MATERIAL TO PROCESS section start

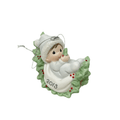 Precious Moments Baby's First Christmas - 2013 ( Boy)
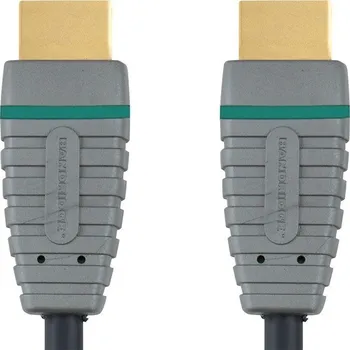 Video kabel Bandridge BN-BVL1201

MATERIAL TO PROCESS section end
MATERIAL TO PROCESS section start

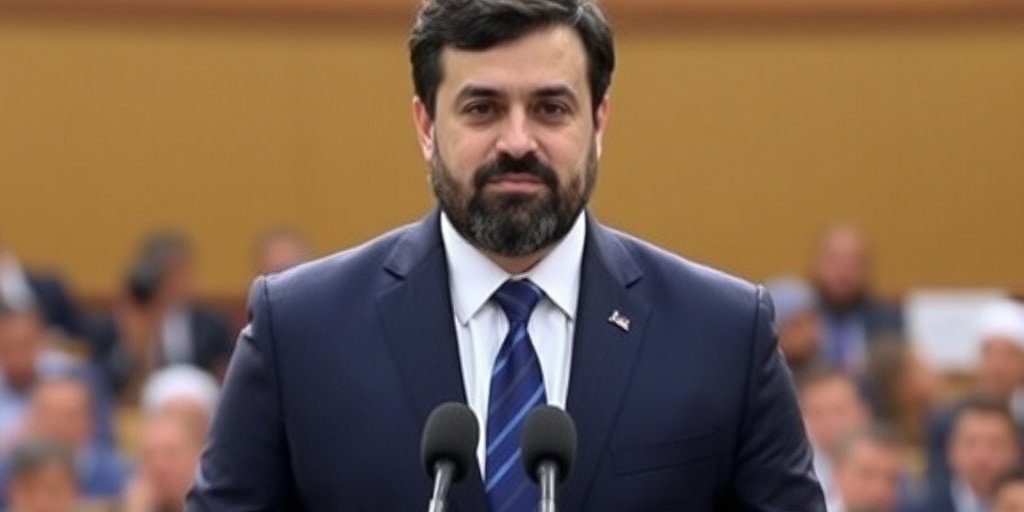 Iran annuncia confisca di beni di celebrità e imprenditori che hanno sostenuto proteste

MATERIAL TO PROCESS section end

EXERCISE:
All that is wanted is the lines above between the one containing "Precious Moments Baby's" and the one containing "Video kabel Bandridge BN-BVL1201", inclusive, restated word for word, with pictures omitted.

SOLUTION BELOW:
 Precious Moments Baby's First Christmas - 2013 ( Boy)
 Video kabel Bandridge BN-BVL1201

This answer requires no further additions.